Quadra Island’s Wild Isle Ferments has received a good chunk of change for its work developing fermented sauces using by-products from seafood processing.
When the City of Campbell River’s Economic Development Department and the Campbell River Area Angel Group (CRAAG) announced the finalists and prize recipients of the inaugural NexStream Tech Competition, Brandon Pirie of Wild Isle Ferments was named the winner of the $50,000 “Wildcard” prize.
Thirty-seven teams entered the competition, contending for prizes of up to $75,000 and receiving valuable mentorship and support to help them move their ideas and businesses forward to address challenges related to energy, wildlife monitoring and food security, according to organizers.
The finalists – Wild Isle Ferments, Mark Rabin with Portable Electric in Vancouver, who developed a portable energy pod that uses renewable energy sources, David Hauser and Janos Toth with RecognAIse Technologies in Vancouver, who applied technology such as artificial intelligence to develop an automated inspection process for infrastructure, Andrew Brule of La Press in Vancouver, who Brule developed a tool for making homemade soap bars and Monty Chong-Walden of Calmura Natural Walls of Vancouver, who developed a wall system that uses sustainable, natural materials.
In the end, Portable Electric took the $75,000 grand prize with Pirie taking the Wildcard prize.
Pirie’s competition entry says the sauces he’s developed for the contest are slated to be launched locally this November, “and will eventually be distributed alongside the local, sustainably harvested seafood products that Walcan regularly ships nationally and internationally.”

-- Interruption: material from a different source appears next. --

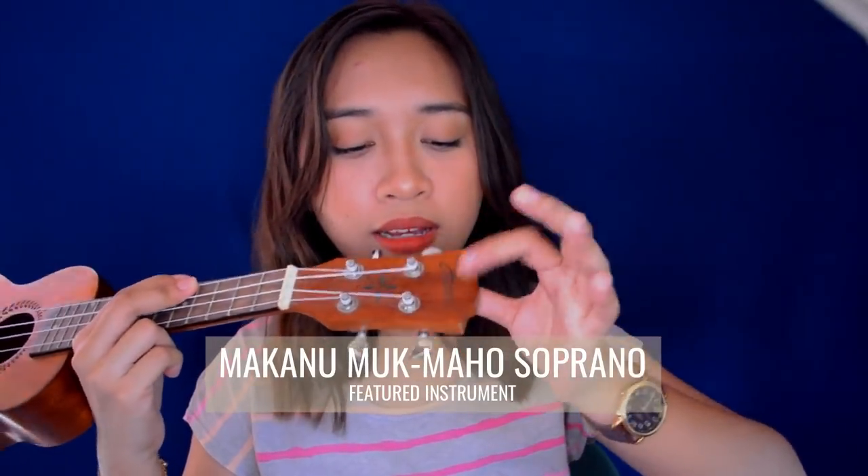Here is their logo — it says Makano. I'm not sure if it's clear on screen.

Due to the ongoing COVID-19 pandemic, plans for the finale were changed from an in-person demonstration and awards ceremony to an online announcement on Sept. 9, 2020. The finalists and winners are featured on the NexStream Tech Competition’s website, nexstream.is
“CRAAG congratulates the first-ever NexStream contest winners, Brandon Pirie and Mark Rabin, who stood out for their innovation and business potential in a very competitive field,” says David Baar, angel investor and co-founder of CRAAG. “We were thrilled, as well as impressed, to see the progress of many of the contestants as they progressed from early idea development through to formal business planning and prototype development. Many of the contestants especially benefitted from excellent programs and training provided by Spring.”

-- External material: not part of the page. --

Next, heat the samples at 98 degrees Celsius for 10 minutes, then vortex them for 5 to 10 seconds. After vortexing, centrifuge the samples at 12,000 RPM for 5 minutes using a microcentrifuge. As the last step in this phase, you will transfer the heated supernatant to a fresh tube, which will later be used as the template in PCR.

Campbell River’s economic development officer, Rose Klukas, says the contest “has garnered international attention, and we are thrilled with the tremendous skills and enthusiasm exhibited by all of our entrants.”
The NexStream Tech Competition was – and will continue to be – open to innovators from around the world. Each year, the competition will feature a new set of challenges that are inspired by Campbell River and B.C.’s coastal regions, but address the needs of communities and industries worldwide.
Applications for the second NexStream Tech Competition will be accepted next month from Oct. 1 to 31. The second edition of the challenge will focus on the categories of Healthcare and Emergency Preparedness, Food Security, Sustainable Resource Management and another Wildcard winner. Individuals, academic institutions and businesses with fewer than 100 employees are encouraged to submit their expressions of interest.
Anyone interested in the competition is invited to visit nexstream.is for more information about the NexStream Tech Competition and to learn more about Campbell River’s technology initiatives at techatchery.ca
Other partners involved in the project include Foresight, Spring, Futurpreneur Canada, the Campbell River & District Chamber of Commerce and Innovate BC.